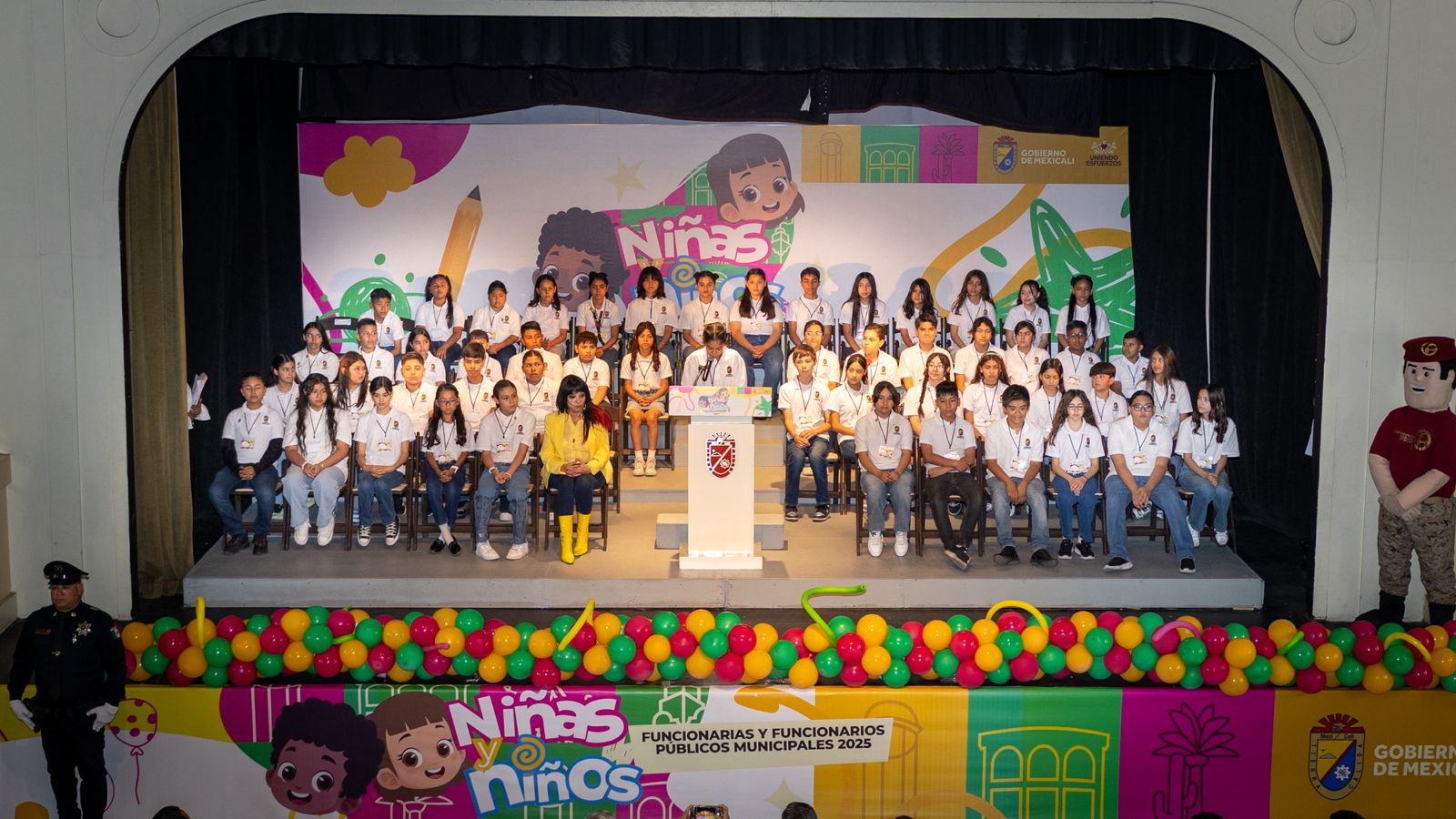 LIDERAN NIÑAS Y NIÑOS MEXICALENSES GOBIERNO DE NORMA BUSTAMENTE POR UN DÍA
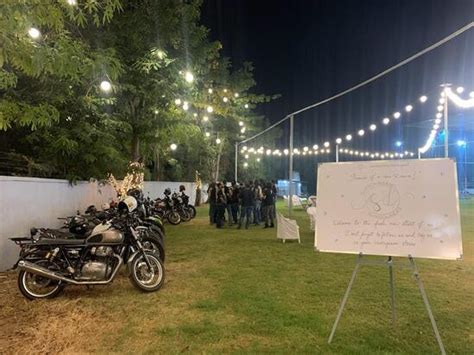 Dugout Turf & Sundowners Cafe, Surat - Restaurant reviews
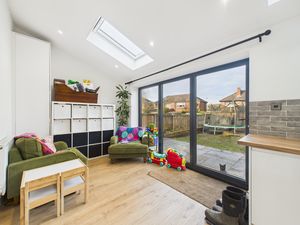 Photo 7- click for photo gallery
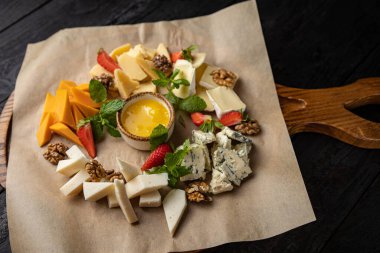 Cevizli, çilekli ve ballı peynir tabağı.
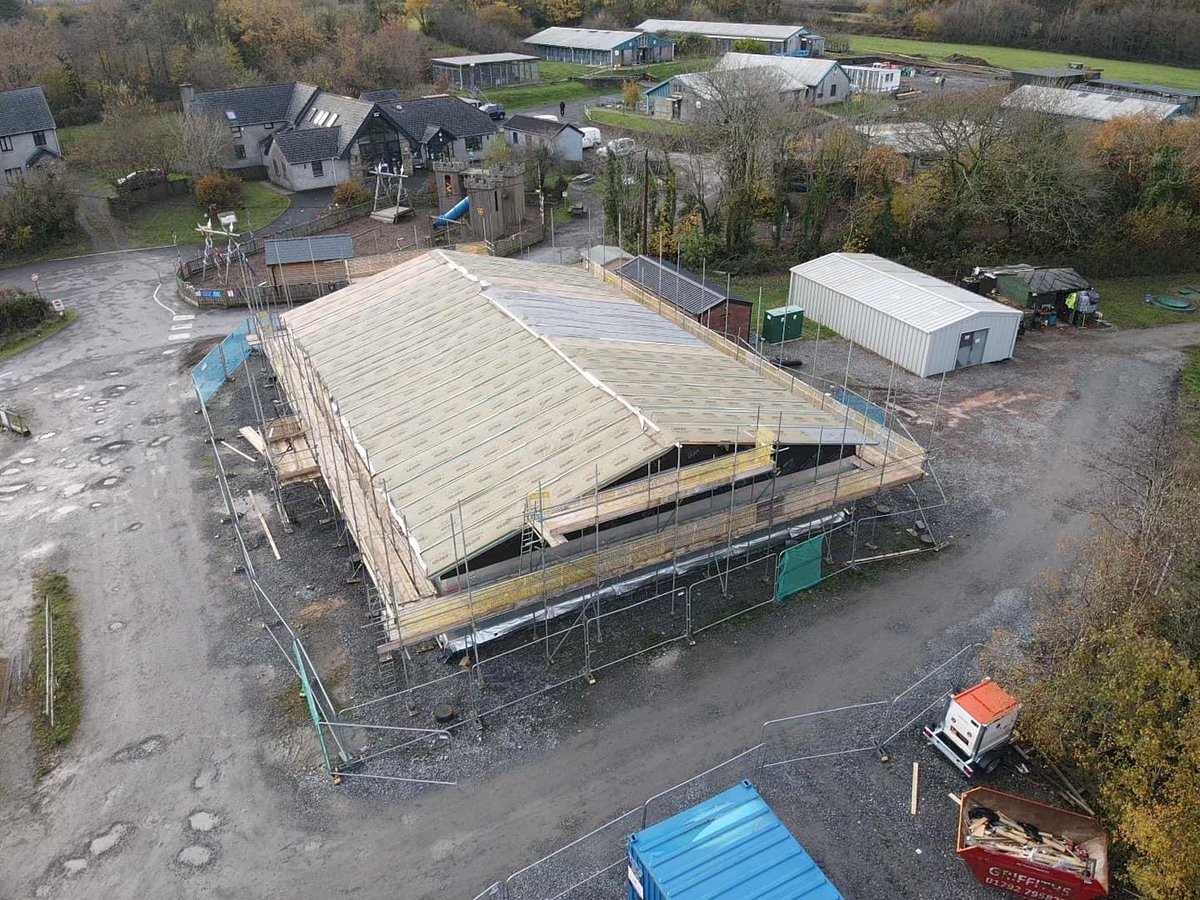 💥 New project starting today in Penllergaer Swansea on the new RSPCA centre. We  are installing a new standing seam roof, walls and aluminium perimeter flashings #DRC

- PROBLEM DESCRIPTION
Everything from the first line of the entries through the line that contains "Cevizli, çilekli ve ballı peynir tabağı." is to be reproduced exactly, except the pictures.

- SOLUTION TO THIS EXERCISE
 LIDERAN NIÑAS Y NIÑOS MEXICALENSES GOBIERNO DE NORMA BUSTAMENTE POR UN DÍA
 Dugout Turf & Sundowners Cafe, Surat - Restaurant reviews
 Photo 7- click for photo gallery
 Cevizli, çilekli ve ballı peynir tabağı.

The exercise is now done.